I was 18 months old when my father shipped out for Saipan in the Mariana Islands of the South Pacific in WW II.
I don’t remember the ship. But I remember the emotional wake its departure left behind: the memory of my mother crying on a train. The sounds of the clicketty-clack of the wheels rolling down the track and the whistle blowing like a lost child in the night still plunge me into existential loneliness.
Late in her life, I shared with my mother the memory or her crying on the train.
Because I was so young when it happened, she was surprised that I remembered it, She confirmed it in great detail.
Dad felt “a call” to stand with the brave men who were risking their lives in the war against fascism and imperialism.
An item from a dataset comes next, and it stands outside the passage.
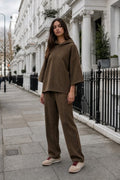 PANTALON À ÉLASTIQUE AVEC COUTURES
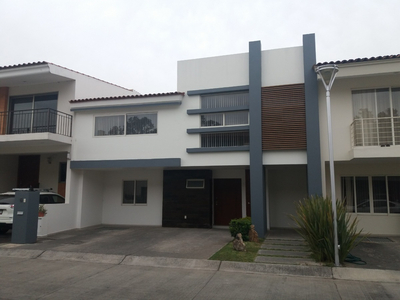 Casa En Venta, Coto Del Parque Metropolitano, Rinconada Del Parque, Zapopan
With my mother’s blessing, he resigned his pastorate in Mechanicsburg, PA to enlist as an Army Air Force Chaplain. After six-months in the States, he left my mother and me behind.
While he was preaching on board ship, my mother and I were on a train from Los Angeles, his point of departure, to Boston, the home of my paternal grandparents.
I never saw the photo or thought of him aboard ship until a phone call and subsequent picture arrived by email from a researcher of my father’s unit on Saipan last month. Dad was tending his “flock” on board ship. I never knew. Some things, like wine, take time.
Not everything is as it seems or feels. We do the best we can and pray it’s good enough.